LONDON (Reuters) - A huge archive of letters, papers and photographs that shed new light on Indian leader Mahatma Gandhi and his time in South Africa will be auctioned in London next month and is expected to fetch 500,000-700,000 pounds ($800,000-$1.1 million).

The documents, numbering several thousand and arranged in 18 files, belonged to Hermann Kallenbach, who became arguably Gandhi's closest friend after they met in Johannesburg in 1904.

Although relatively few are in Gandhi's own hand, the wealth of material from family, friends, associates and Kallenbach himself make the collection a key biographical source for one of the 20th century's most revered figures.

"The vast majority of this is unknown and unpublished, and has not been used by scholars in the last generation or two," said Gabriel Heaton, a books and manuscripts specialist at Sotheby's auctioneers which is selling the archive.

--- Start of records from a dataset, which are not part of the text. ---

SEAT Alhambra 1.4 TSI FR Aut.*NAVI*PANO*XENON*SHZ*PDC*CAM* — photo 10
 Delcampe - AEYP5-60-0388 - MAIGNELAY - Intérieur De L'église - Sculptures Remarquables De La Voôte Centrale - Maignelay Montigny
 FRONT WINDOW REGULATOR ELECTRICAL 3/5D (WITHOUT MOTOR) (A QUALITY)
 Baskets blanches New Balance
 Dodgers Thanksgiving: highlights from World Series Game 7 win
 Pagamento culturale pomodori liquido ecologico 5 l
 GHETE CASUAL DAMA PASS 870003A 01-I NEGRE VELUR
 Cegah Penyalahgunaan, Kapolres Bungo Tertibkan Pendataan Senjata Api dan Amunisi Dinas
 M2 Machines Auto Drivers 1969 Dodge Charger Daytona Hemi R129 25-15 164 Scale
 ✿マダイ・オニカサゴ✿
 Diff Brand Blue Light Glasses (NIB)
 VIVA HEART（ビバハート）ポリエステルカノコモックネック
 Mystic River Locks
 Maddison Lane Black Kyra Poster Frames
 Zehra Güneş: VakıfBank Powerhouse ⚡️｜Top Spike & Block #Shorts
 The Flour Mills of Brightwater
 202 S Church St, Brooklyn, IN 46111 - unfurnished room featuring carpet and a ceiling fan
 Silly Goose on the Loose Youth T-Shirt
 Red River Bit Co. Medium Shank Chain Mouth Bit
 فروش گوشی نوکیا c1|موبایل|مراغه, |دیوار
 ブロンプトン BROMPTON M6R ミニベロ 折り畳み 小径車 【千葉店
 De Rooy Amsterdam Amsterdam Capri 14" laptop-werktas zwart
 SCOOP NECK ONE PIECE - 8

"It is very much material that will be adding to our sum knowledge of Gandhi and his life," he told Reuters.

The documents will go under the hammer as a single lot on July 10 at the English Literature and History sale.

Sotheby's also handled the sale in 1986 of the main series of Gandhi's letters to Kallenbach, when they raised 140,000 pounds. Together, the two batches represent the vast majority of the Kallenbach family's Gandhi collection.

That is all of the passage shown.